Brief: Exclude every picture. Output verbatim the lines from the one containing "Gazetteer of Hampshire" to the end of the data.

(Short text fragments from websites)
====

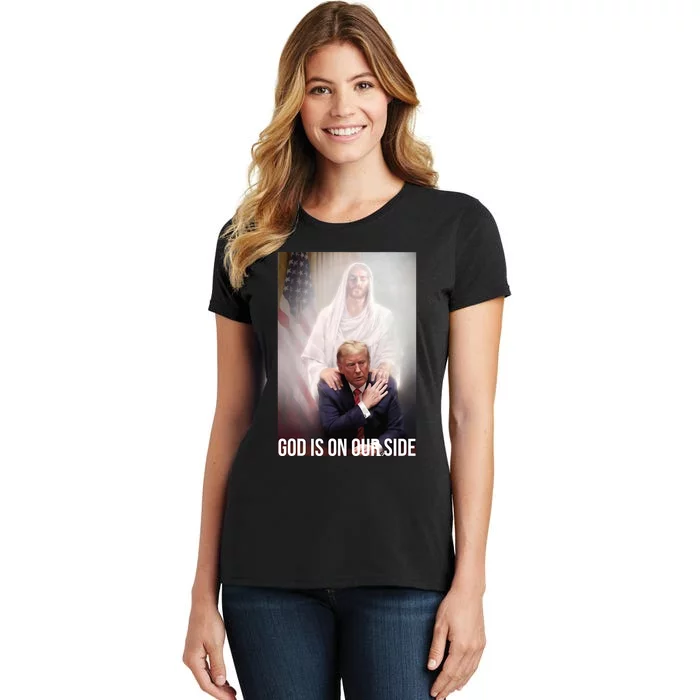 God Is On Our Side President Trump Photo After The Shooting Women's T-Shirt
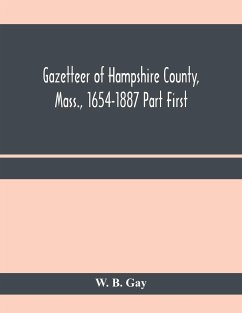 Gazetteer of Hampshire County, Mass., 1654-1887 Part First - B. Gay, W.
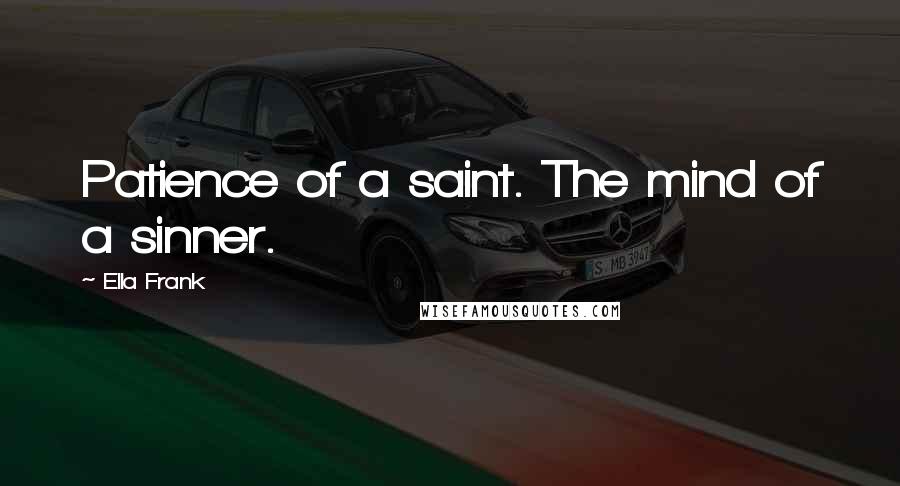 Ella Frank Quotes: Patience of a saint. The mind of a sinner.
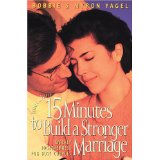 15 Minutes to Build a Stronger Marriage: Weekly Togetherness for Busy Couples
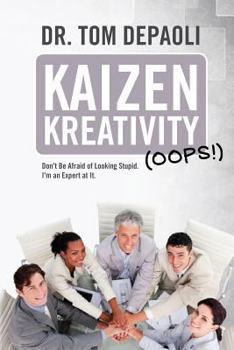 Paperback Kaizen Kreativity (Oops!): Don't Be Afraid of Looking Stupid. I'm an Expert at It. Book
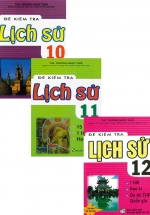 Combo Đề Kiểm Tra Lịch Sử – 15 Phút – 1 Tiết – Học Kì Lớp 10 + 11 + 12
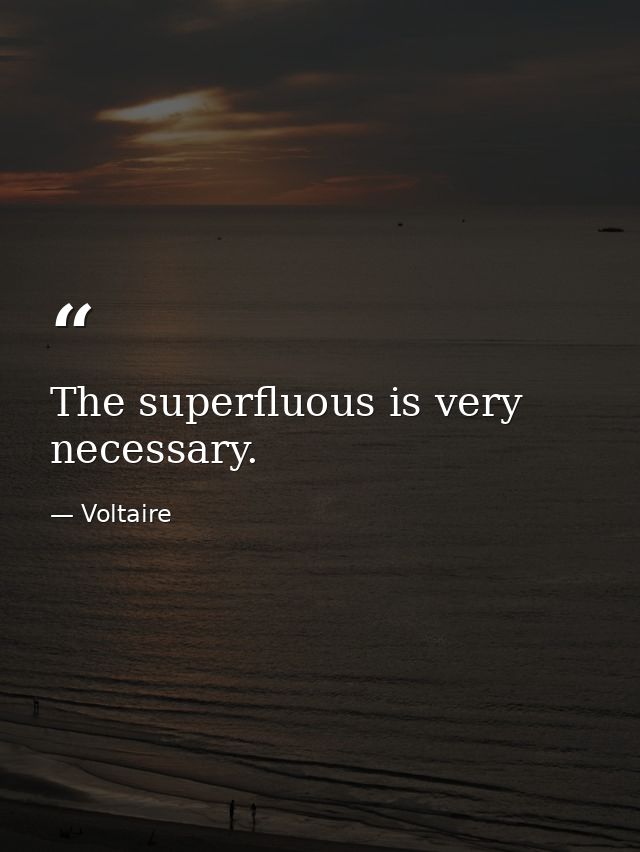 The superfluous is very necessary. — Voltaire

====

Output of the exercise:
 Gazetteer of Hampshire County, Mass., 1654-1887 Part First - B. Gay, W.
 Ella Frank Quotes: Patience of a saint. The mind of a sinner.
 15 Minutes to Build a Stronger Marriage: Weekly Togetherness for Busy Couples
 Paperback Kaizen Kreativity (Oops!): Don't Be Afraid of Looking Stupid. I'm an Expert at It. Book
 Combo Đề Kiểm Tra Lịch Sử – 15 Phút – 1 Tiết – Học Kì Lớp 10 + 11 + 12
 The superfluous is very necessary. — Voltaire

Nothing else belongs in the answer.